С каменным лицом она вышла на лестничную площадку, а я, захлопнув дверь, с облегчением почувствовал, какая тяжесть свалилась с моих плеч. Я устал от неё. От её капризов, от её показного смирения, что пуще гордыни, от её постоянного желания руководить моими мыслями и чувствами. — Свободен! — пронеслось в моей голове.
…Но, к сожалению, это состояние свободы длилось лишь несколько лет, до 1988 или 1989 года, до поры, когда, предощущая все опасности надвигающейся разрухи, наши друзья Лариса Баранова и Дмитрий Ильин упросили меня ради общего патриотического дела помириться с ней (“Волк! Ну не забывайте, все-таки она женщина!”). Я растрогался, извинился за изгнание муравья из своего дома, и относительный мир между нами был восстановлен… Как раз в это время я начинал переговоры с Сергеем Викуловым о том, чтобы заменить его в журнале “Наш современник”, и, может быть, не случайно, что именно в это же время произошло наше перемирие с Глушковой. Именно перемирие, потому что её требования и ультиматумы ко мне уже как к главному редактору начались незамедлительно. В первую очередь Глушкова потребовала, чтобы я ввел её в редколлегию — на что я никак не мог согласиться. Печатать — да, все, что она ни предложит: стихи, статьи, интервью, предисловия к чужим публикациям. Но допустить, чтобы она работала в редколлегии, в коллективе, участвовала в общем деле рядом с Кожиновым, Шафаревичем, Юрием Кузнецовым, Прохановым, Беловым — с любым из которых она могла завести распри, свару, ссору — я-то знал, как она относится к ним! — на это самоубийство я согласиться не мог. Она органически не могла работать в коллективе, в команде, в артели.
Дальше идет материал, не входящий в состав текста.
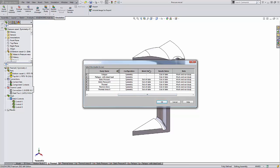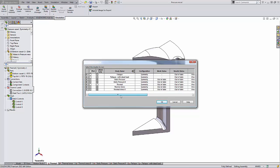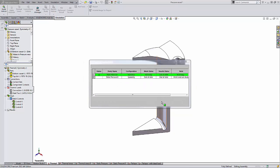You will also get some information on whether you have out-of-date mesh and result data. When I'm ready I can just click on the boxes for the studies I want to run. In this case I'm just going to run my static pressure studies, so I'll only have those boxes selected and then click okay.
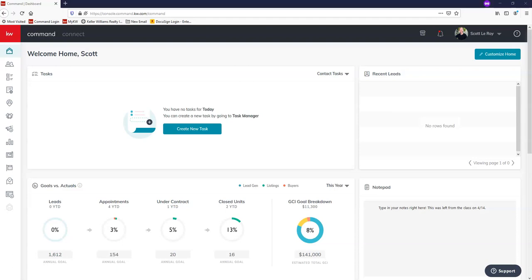Hey guys, it's Brittany with Scott LaRoe Marketing. Today I'm going to be showing you how to create a neighborhoods page using the neighborhood section of a contact profile. This will allow you to generate a URL and advertise multiple neighborhoods you cover with their statistics right on your website.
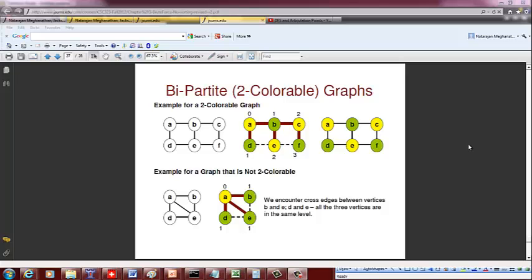Hello students. Now we are going to look at how to do a breadth-first search and see if a graph is 2-colorable or not. A graph is 2-colorable which means if you can color the vertices of a graph in such a way that no two adjacent vertices have the same color.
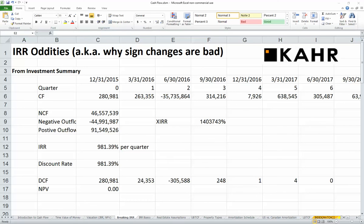Hello. Today I want to show you one of the issues that comes up with internal rate of return calculations. A lot of times when people learn IRR calculations in a real estate finance class, or more generally just a finance class, some PhD in finance says something to the effect of: if you're doing an IRR calculation, you don't want your signs to flip — that is, you don't want your cash flows to go from positive to negative. And this is rarely explained. I'd like to show you what actually happens if the signs flip, and how Microsoft Excel handles IRR calculations, because this is something a lot of people get confused on.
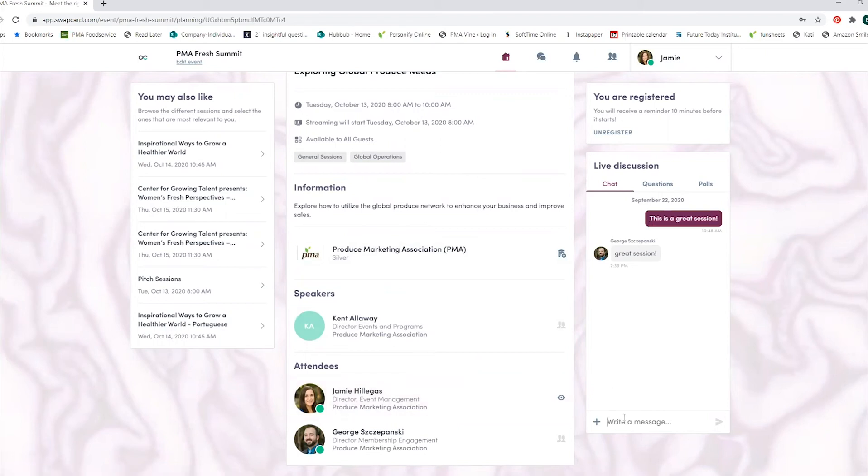On the right, you'll see a button to participate in live chat or ask questions and participate in polls.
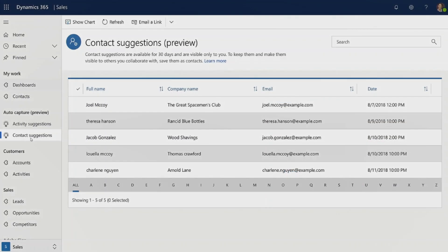Auto-capture, as before, still relies on the data that exists in Office 365. Once your business admin has configured auto-capture to be able to access your Office 365 data, and you as a seller has opted in, we can start showing you suggestions in your Dynamics 365 environment.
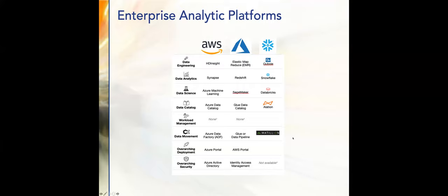Enterprise analytic platforms encompass data engineering, data analytics, data science, data catalog, and workload management. This pretty much corresponds to a lot of things that Paul was saying in his talk. You can see some of the players slotted in there — this is not extensive by any stretch of the imagination, but we're going to go through some of these and call out what I think is really important.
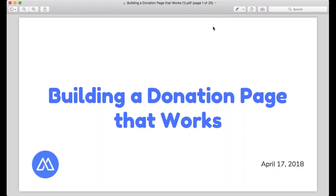Hey guys, welcome to today's webinar from MightyCause called 'Building a Donation Page That Works.'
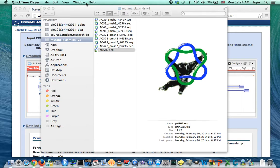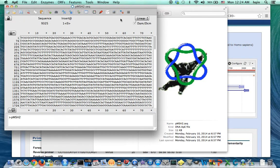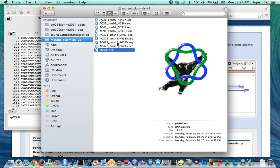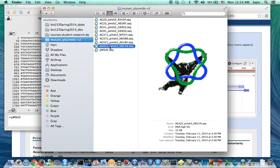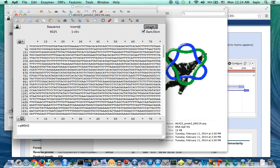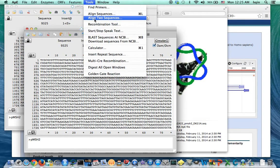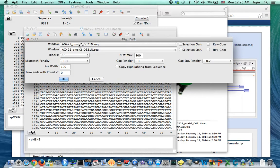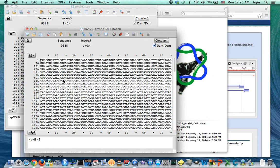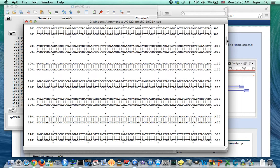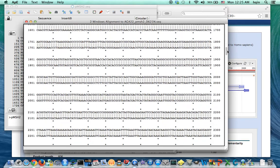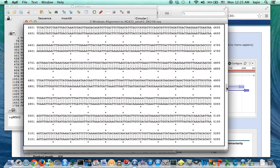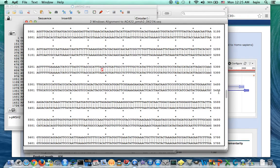So first I'll open the PMSH2 plasmid, make sure this is circular, and I'm going to use AG422 as an example. So first is the align tool, align two sequences. So let's put the wild type on top, mutant on the bottom.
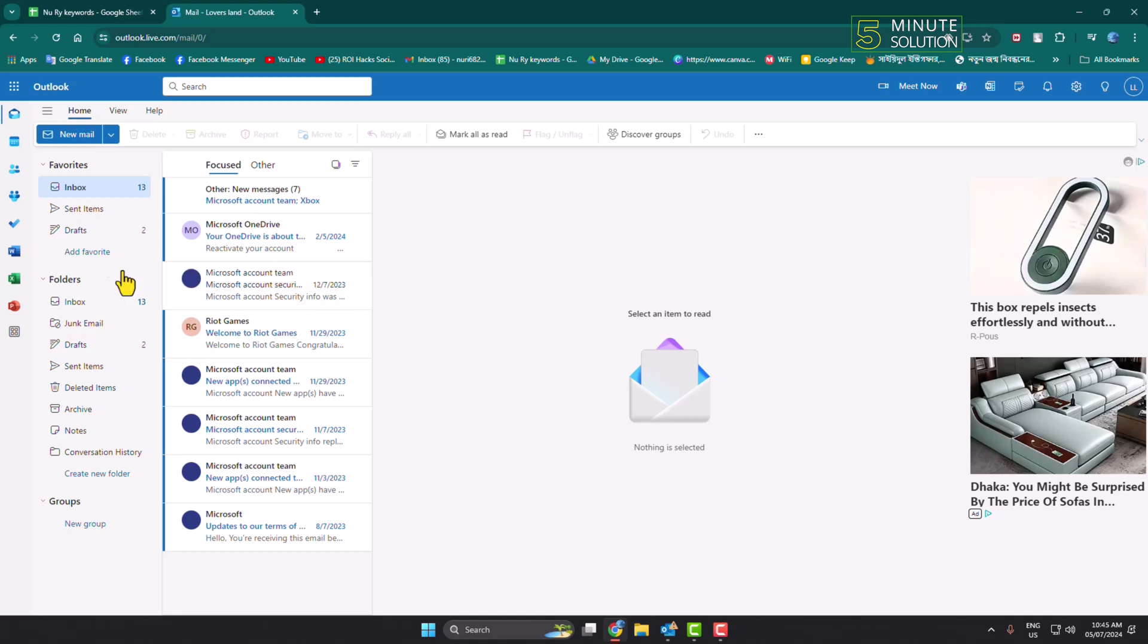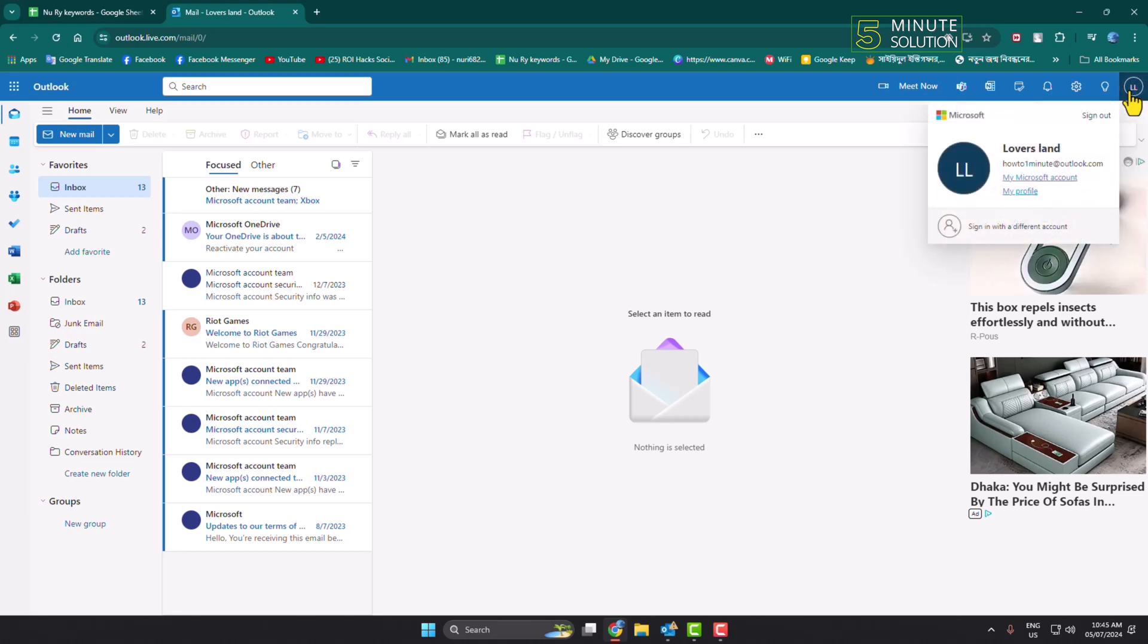Once you are in your browser Outlook, make sure to sign in to the specific Outlook account in which you want to add or change your phone number. Then just click on your profile photo.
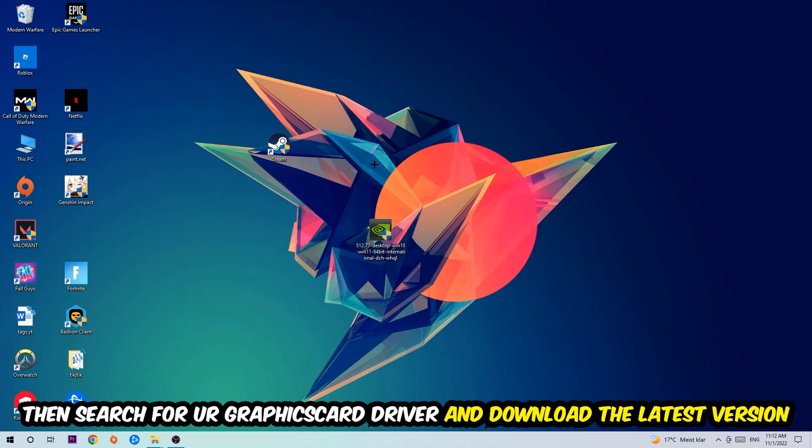Or use your browser and download the latest version of your graphics card driver to provide the best possible performance for your PC.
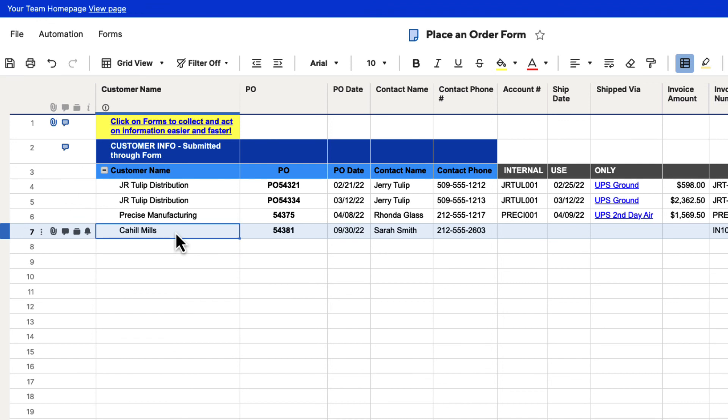Basically, that is how you can change the primary column inside of Smartsheet. It's a little bit of a workaround, but it's not too difficult. Just make sure that when you're creating your sheets, you name and designate the column that you want to be primary right off the bat so you don't have to go in and do this later on. But if you need to, there is a way to fix it.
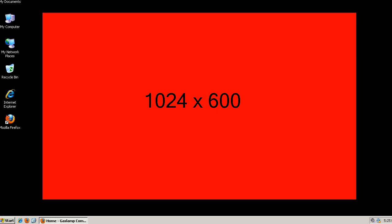This is Matt from Gaslamp Computers and in this video I'm going to show you how to reconfigure your Firefox interface to maximize your viewable area.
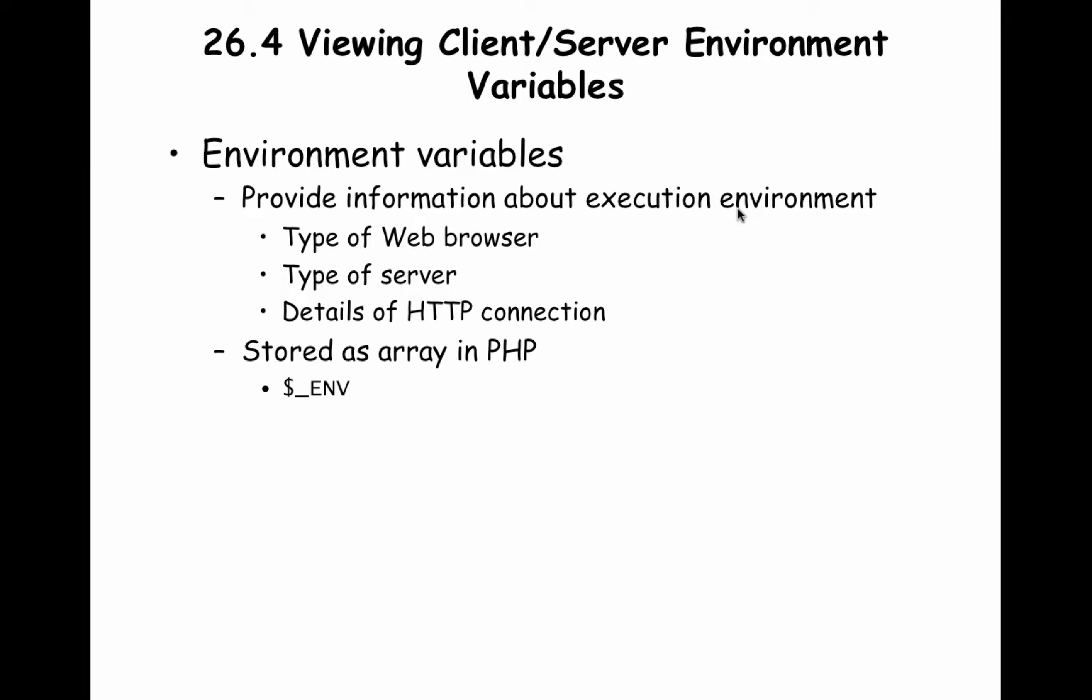Let's now talk about how to grab and see client-server environment variable values. So when you have a website, it's being viewed by a user on some machine.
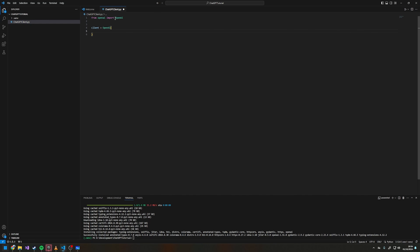Now here is where we're going to add our API key. Best practice for this is to set up an environment variable in your virtual environment, and then once you have that environment variable you can plug it in here.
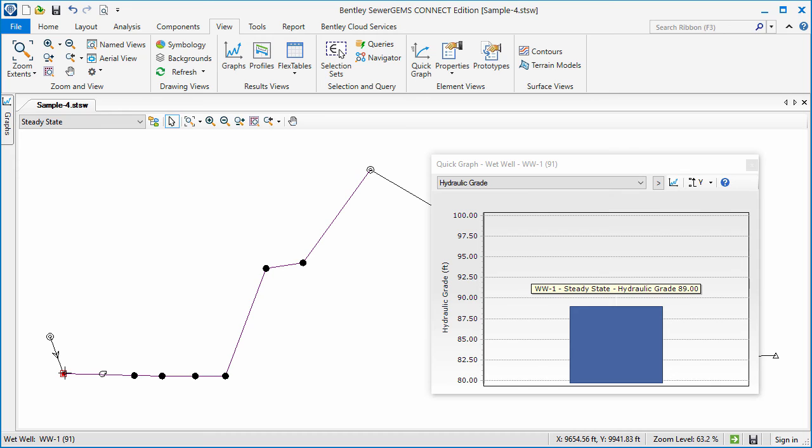Information on the Quick Graph tool and much more can be found in the Hydraulics and Hydrology section of Bentley Communities. Thank you for your time.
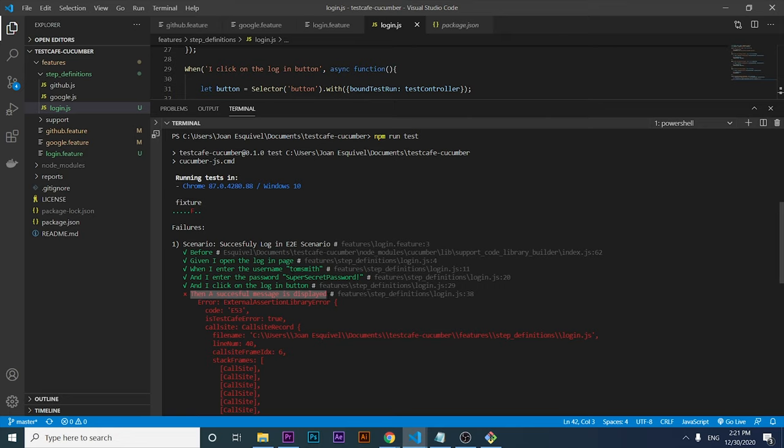That's basically what Cucumber helps us do, and this is just an introduction. I know this is a simple scenario. If you want to get this integrated with the page object model, let me know in the comment section below and I'll try to do it. Thank you very much for watching the video. I hope you enjoyed it and I'll try to keep working on this kind of content to help you out. See you in the next one, bye bye.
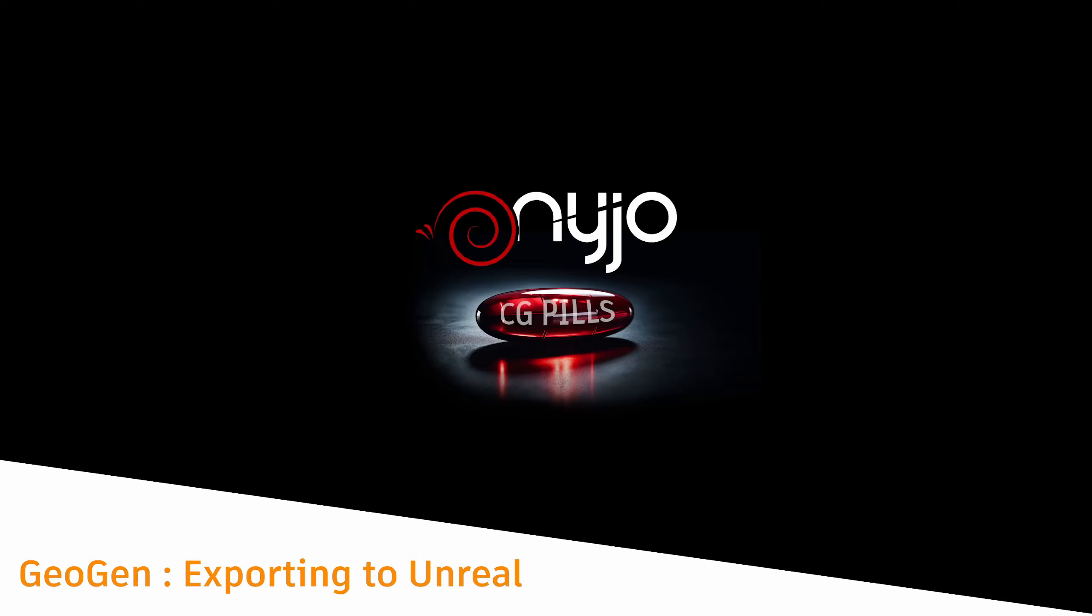Welcome to a new episode of CG Pills from Nyjo. Today we are back to talking already immediately from GeoGen. We made a video about first impressions basically yesterday, but we get back to work because it's very interesting how the software works.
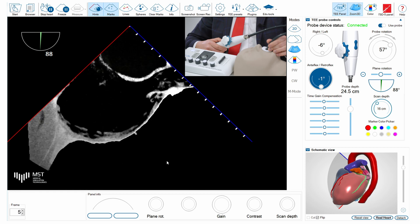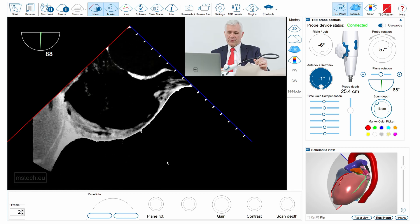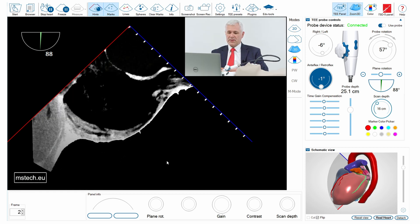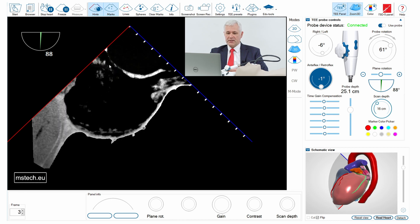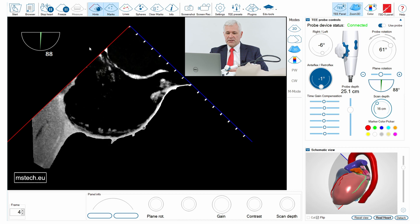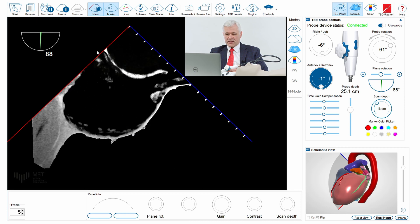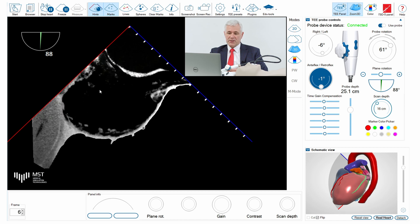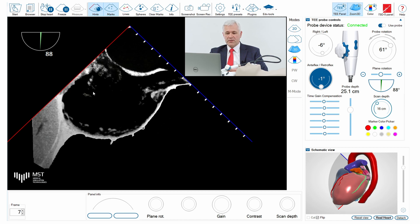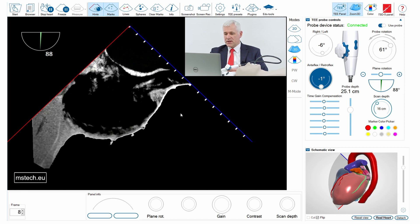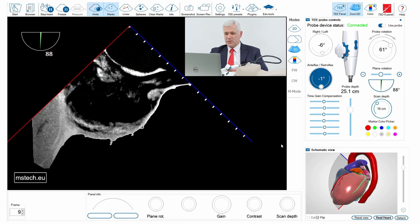Here I have the bicaval view with the superior vena cava on the right-hand side and the inferior vena cava on the left-hand side. We can see some artifacts in the right atrium — this is a CT-derived image, so you can occasionally see some echoes of the non-contrasted blood in the right cardiac chambers, but it does not affect our training.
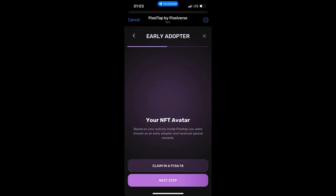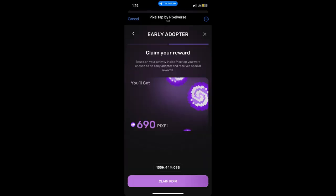Based on your activity inside Pixel Tap, you were chosen as an early adopter and received special rewards. Click on 'Next Step' and you will see your allocation. As you can see, this is my allocation from Pixel Verse. I'm not sure if this is the final allocation, but let's see how it goes.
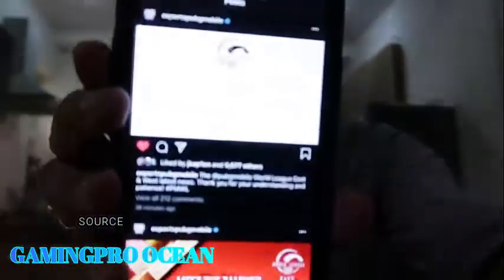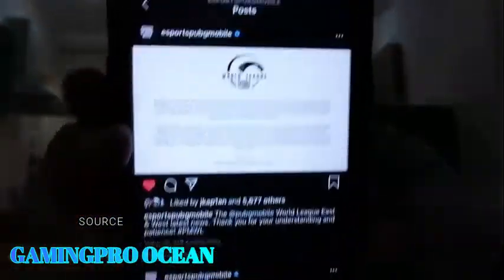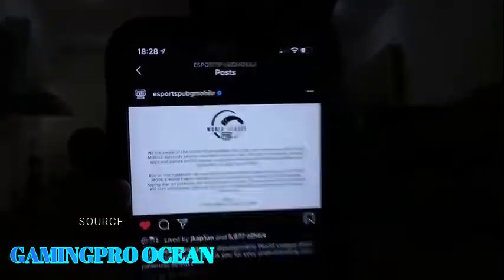Recently we were sitting in World League casting, and yes I am going to cast World League for those who don't know. A notice came out — this is the one which was official. eSports PUBG has released it.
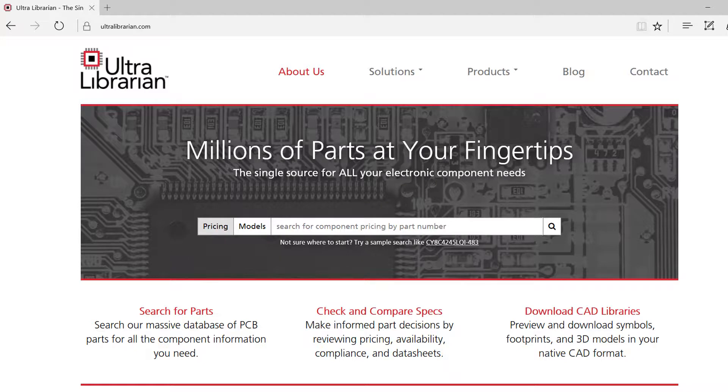Thank you for joining us for this demo of Ultralibrarian. This demonstration will show the generation of a symbol and footprint in keyCAD.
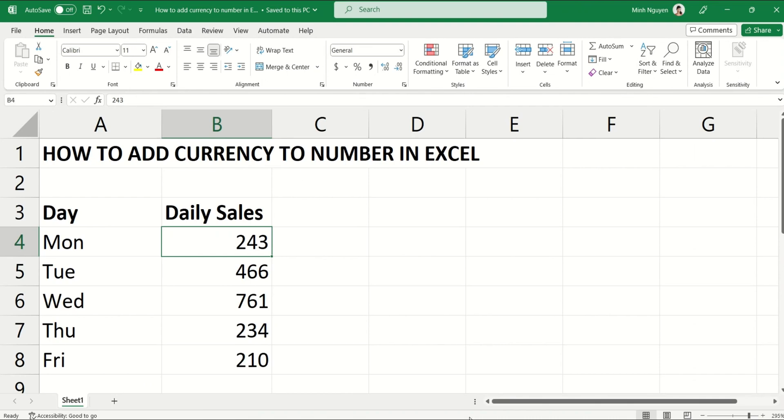Hello, and in this video we're going to learn how to add currency to numbers in Excel. You can see here that I have a very simple list of daily sales data, and I want to add a dollar sign next to the daily sales.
Она была органически не способна при всех своих достоинствах и талантах к общему делу в роковое время, требующее объединения всех патриотических сил.
Когда она поняла это — то тут же написала мне письмо.
31 августа 1989 г.
Лишь сейчас дочитала “Русофобию” Шафаревича (в “Кубани”). (А статью в “Нов. мире” прочла внимательно в Москве.)
Это неправда, что его темой является современный либерализм в СССР как политическое, социально-политическое течение (тем паче — в преломлении его в литературной критике).
А разоблачение эмигранта Янова, скажем, отнюдь не вбирает в себя “автоматически” разоблачение здешних Кардиных-Латыниных-Овруцких-Лихачёва-Сарнова-Роднянской и проч., тем паче, что некоторые из них имеют здесь, даже у русских, отнюдь не позорную репутацию, равно отличную и от яновской, и от пайпсовской…
Мрачные подозрения, что на самом деле после Викулова меня не станет печатать “Наш современник”1, укрепились, когда я услышала об идее отдать полжурнала — критику и публицистику — в вотчину полковнику Ильину.
Он вошёл — с плаца (или из интендантства?) — в литературу публикацией в “ЛГ”, в 1982 году, поносительной рецензии на обе мои тогдашние книги стихов (“Выход к морю” и “Разлуки нет”), рецензии, по-фоменковски обсуждавшей, “кто” (“известно, кто…”) стоит у меня за левым плечом, демонстрируя заодно и полное непонимание русской речи.
Ничего дурного я ему ни тогда, ни после не сделала: давно простила — покуда не развернул он в последние 1,5 года новый виток преследования меня в изд-ве “Современник”.